Collected data entries:
<<<<
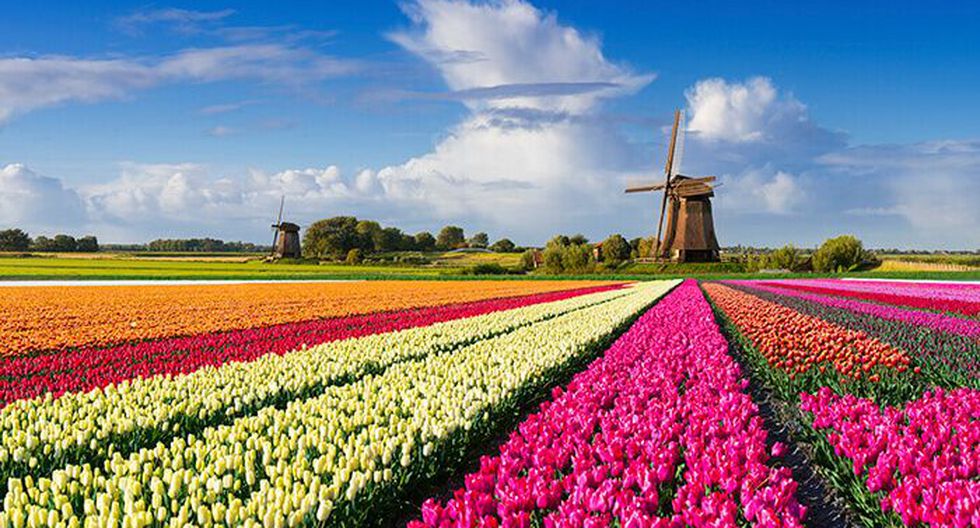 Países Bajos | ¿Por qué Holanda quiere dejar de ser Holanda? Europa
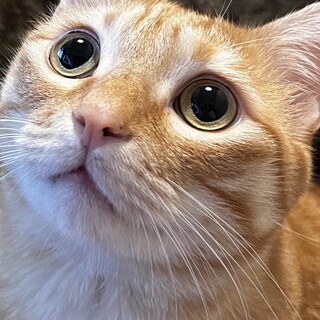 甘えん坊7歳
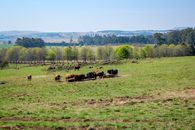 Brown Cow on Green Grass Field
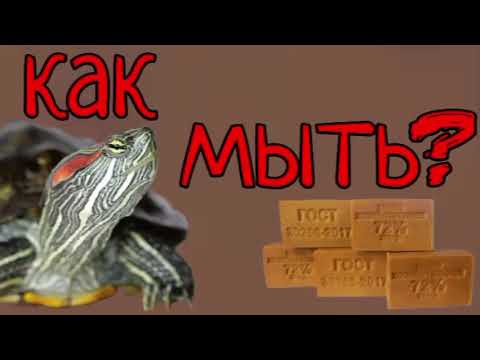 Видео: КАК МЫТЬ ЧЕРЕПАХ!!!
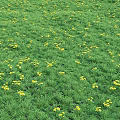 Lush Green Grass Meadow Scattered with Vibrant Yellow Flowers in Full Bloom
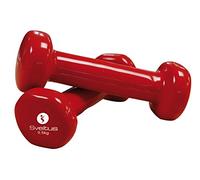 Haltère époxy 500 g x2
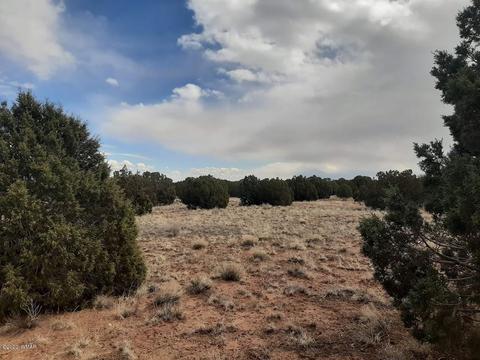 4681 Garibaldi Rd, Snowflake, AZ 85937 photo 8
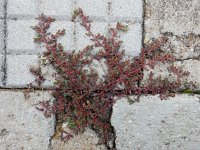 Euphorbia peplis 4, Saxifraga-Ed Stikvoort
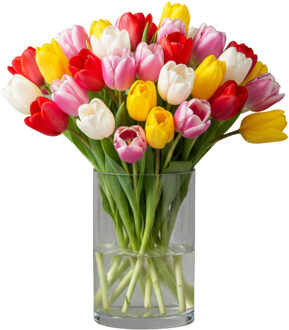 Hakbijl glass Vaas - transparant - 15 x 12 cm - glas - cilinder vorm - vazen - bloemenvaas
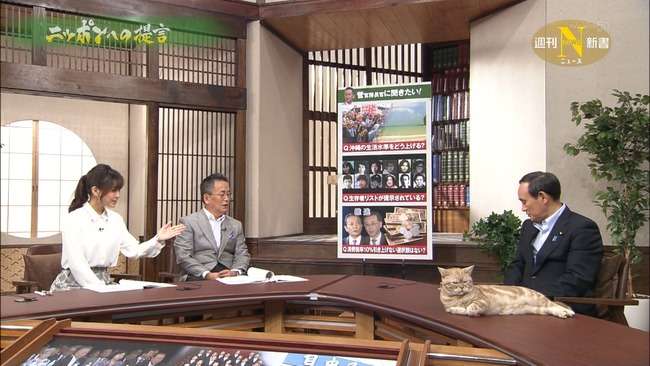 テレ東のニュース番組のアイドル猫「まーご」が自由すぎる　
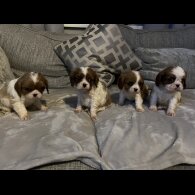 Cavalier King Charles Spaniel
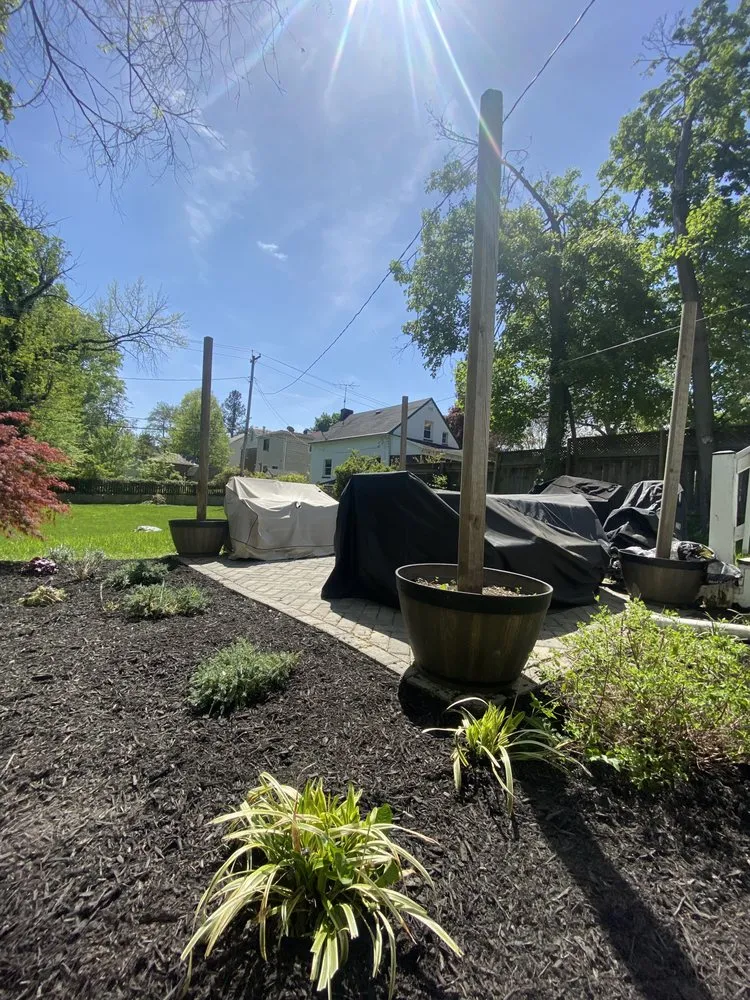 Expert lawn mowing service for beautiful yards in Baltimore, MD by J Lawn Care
>>>>
WORK ORDER: Retype the lines exactly as they appear, beginning with the line that contains "Brown Cow on Green Grass Field" and ending with the final line of the entries, and omit the pictures.

WRITTEN SOLUTION:
 Brown Cow on Green Grass Field
 Видео: КАК МЫТЬ ЧЕРЕПАХ!!!
 Lush Green Grass Meadow Scattered with Vibrant Yellow Flowers in Full Bloom
 Haltère époxy 500 g x2
 4681 Garibaldi Rd, Snowflake, AZ 85937 photo 8
 Euphorbia peplis 4, Saxifraga-Ed Stikvoort
 Hakbijl glass Vaas - transparant - 15 x 12 cm - glas - cilinder vorm - vazen - bloemenvaas
 テレ東のニュース番組のアイドル猫「まーご」が自由すぎる　
 Cavalier King Charles Spaniel
 Expert lawn mowing service for beautiful yards in Baltimore, MD by J Lawn Care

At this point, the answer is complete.